PrivateX402 是一種支付通道協議,讓使用者能在單一通道內為多個代理分配預算,同時向鏈上觀察者隱藏個別分配金額,且無需依賴受信任的中間機構。

PrivateX402:多代理 AI 系統的隱私保護支付通道 - 應用 - Ethereum Research

摘要

隨著自主 AI 代理(Autonomous AI Agents)在鏈上經濟中的興起,對高效、可擴展且具備隱私保護的微支付機制需求日益增長。本文介紹了 PrivateX402,這是一種專為多代理系統(MAS)設計的隱私保護支付通道框架。透過結合零知識證明(ZKP)與狀態通道,PrivateX402 實現了代理之間的高頻交易,同時隱藏了交易金額、參與者身份以及代理特定的元數據。

關鍵應用場景

1. 聯邦學習與數據市場

在去中心化 AI 訓練中,多個代理貢獻計算資源或數據。
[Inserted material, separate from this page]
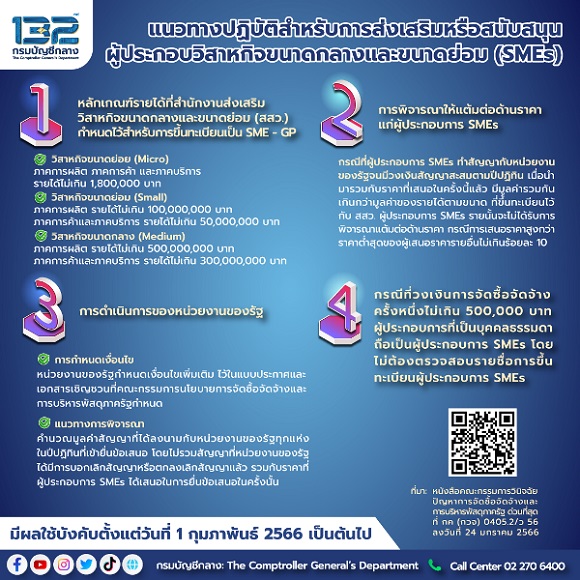 SMEs001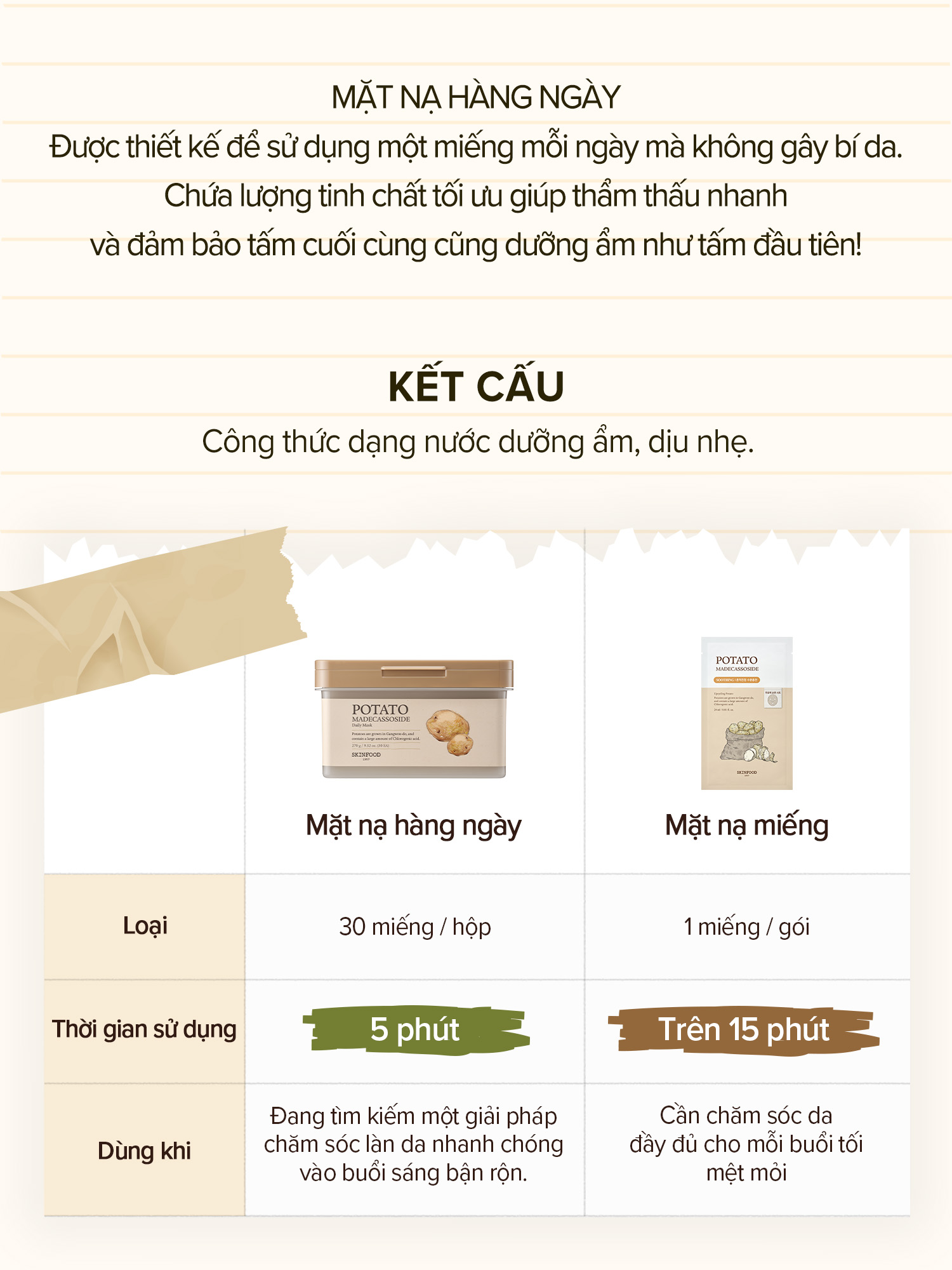 Mô tả Mặt nạ dưỡng da hàng ngày Khoai tây Madecassoside 30 miếng / Cải thiện sắc tố da / Hiệu quả làm dịu / Potato Daily Mask - 3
PrivateX402 允許代理在不洩露其貢獻規模或特定數據來源的情況下,接收模型訓練貢獻的即時支付。

2. 代理對代理(A2A)服務協作

當一個複雜任務需要多個專門的 AI 代理(例如:一個負責研究,另一個負責編碼)協作時,它們可以使用 PrivateX402 進行亞秒級的微支付結算,確保協作流程的隱私性,防止競爭對手分析其內部工作流。

3. 推論即服務(Inference-as-a-Service)

用戶可以向 AI 代理支付單次推論請求的費用。透過隱私通道,用戶的查詢頻率和支付模式將對外部觀察者保持匿名,保護用戶的行為隱私。

技術架構

PrivateX402 構建於以下核心組件之上:

  • 鏈上結算層:利用以太坊智能合約處理通道的開啟與關閉。
  • 鏈下傳輸層:代理之間直接交換簽名的狀態更新。
  • 隱私層
    • zk-SNARKs:用於證明狀態轉換的有效性,而無需揭露餘額。
    • 承諾方案(Commitment Schemes):隱藏通道內的資產分配。

優勢

  1. 高吞吐量:交易在鏈下處理,僅受限於網絡延遲。
  2. 低成本:僅在通道開啟和關閉時產生 Gas 費用。
  3. 強隱私性:防止透過鏈上分析追蹤 AI 代理的經濟活動。
  4. 自主性:代理可以根據預設策略自動管理支付,無需人工干預。

結論

PrivateX402 為下一代 AI 驅動的去中心化應用提供了必要的金融基礎設施。透過解決隱私與可擴展性的雙重挑戰,它為機器對機器(M2M)經濟的蓬勃發展奠定了基礎。